Gemcitabine-oxaliplatin combination (SEGEMOX) in anthracycline (A) and taxanes (T) pretreated metastatic breast cancer (MBC): Results from the GERCOR-SEGEMOX phase II trial

Abstract

1108 Objectives: To evaluate efficacy and safety of SEGEMOX regimen for previously A and T pre-treated MBC patients. Methods: Forty-five women with MBC not eligible for A and/or T chemotherapy were enrolled on SEGEMOX study.
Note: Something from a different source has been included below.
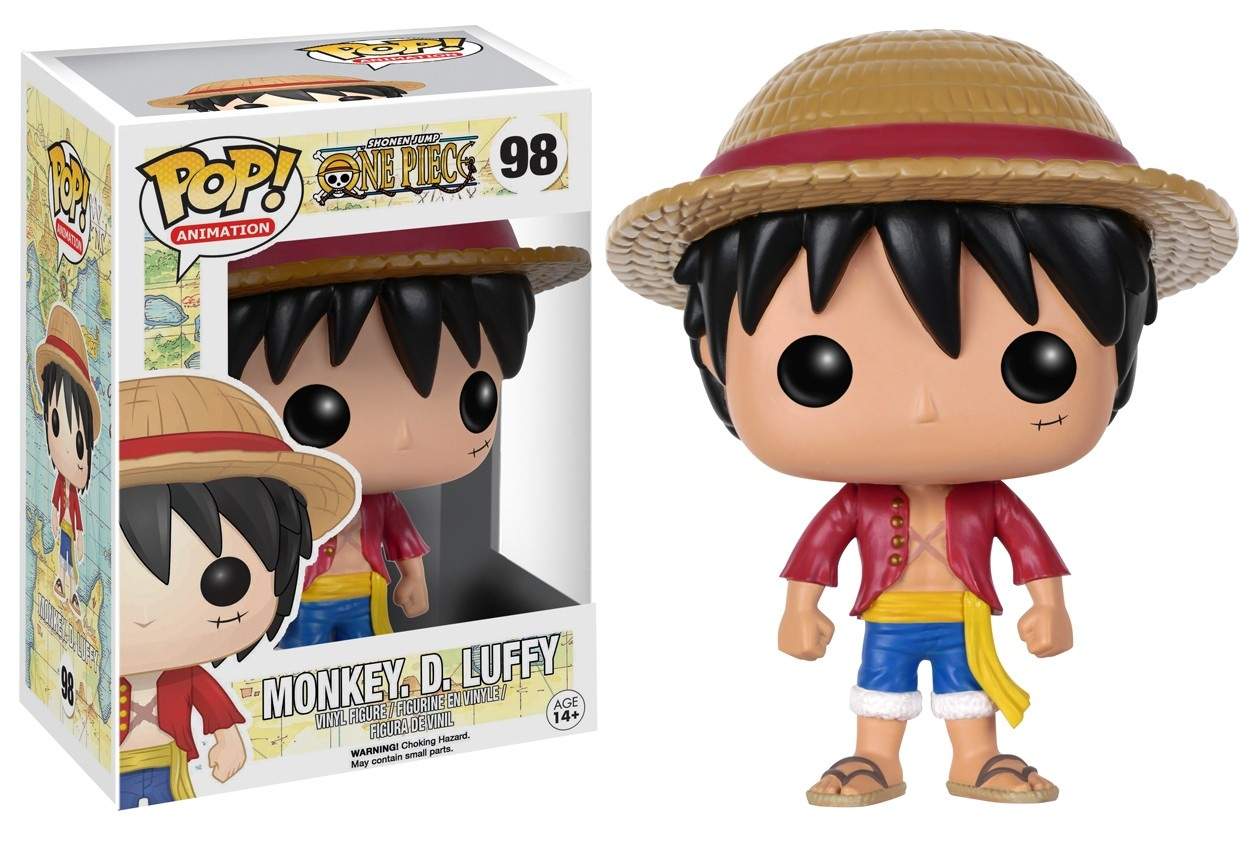 Funko pop! Vinylfigur: One Piece - Monkey D. Luffy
SEGEMOX was delivered as follows: Gemcitabine was given at 1000 mg/m2/100min on day 1, followed by oxaliplatin at 100 mg/m2/120min iv on day 2 every 2 weeks. Efficacy results were analyzed and are presented in an intention to treat analysis and toxicity according to the total number of cycles regimen. Results: Forty-four of the 45 patients received at least 1 cycle of SEGEMOX. Fifty-eight perccent of the patients have received previous adjuvant chemo, 36% 1st line and 42% 2nd line for MBC before the protocol inclusion. Visceral metastases were dominant site of disease (44% liver; 36% lung; 44% bone). Median age of the population was 55.8 years (36–73). After a median of 7.7 cycles (3.5 months of treatment); the overall response rate (ORR) is 38% [95%CI; 23%-51%] [1 CR (2.2%) and 16 PR (35.6%)]; 33% of stable disease [95%CI; 17%-43%], 24.4% progressive disease with a clinical benefit (CB) of 71% [95%CI; 57%-85%]. The median progression free survival (PFS) is 7.1 months for responders and 4.8 months for patients with stable disease. The all population median overall survival (OS) is 21.4 months with 22.7 months MOS for responders. Concerning toxicity analysis: 339 cycles of gemcitabine and 312 of oxaliplatinum were delivered. Respectively, grade 3–4 neutropenia occurred in 43% of patients (febrile neutropenia in 7%), grade 3–4 thrombocytopenia in 41%, and anemia in 2.3%. The most frequent non hematologic toxicities were represented by grade 3 peripheral neuropathy (Levi Scale) in 11.4% of the patients and grade 2 alopecia in 11.4%. For the subgroup of hormone receptor negative MBC (n = 12) the ORR is 33% [95%CI; 2%-64%], CB 50% [95%CI; 16%-73%], PFS of 2.8 months and MOS of 12 months. Conclusions: The SEGEMOX combination has relevant activity in A and T not eligible MBC patients, with a manageable toxicity profile. In the limited number of patients with HRN MBC even if the response rate is close to the overall population the prognosis seems still worse. No significant financial relationships to disclose.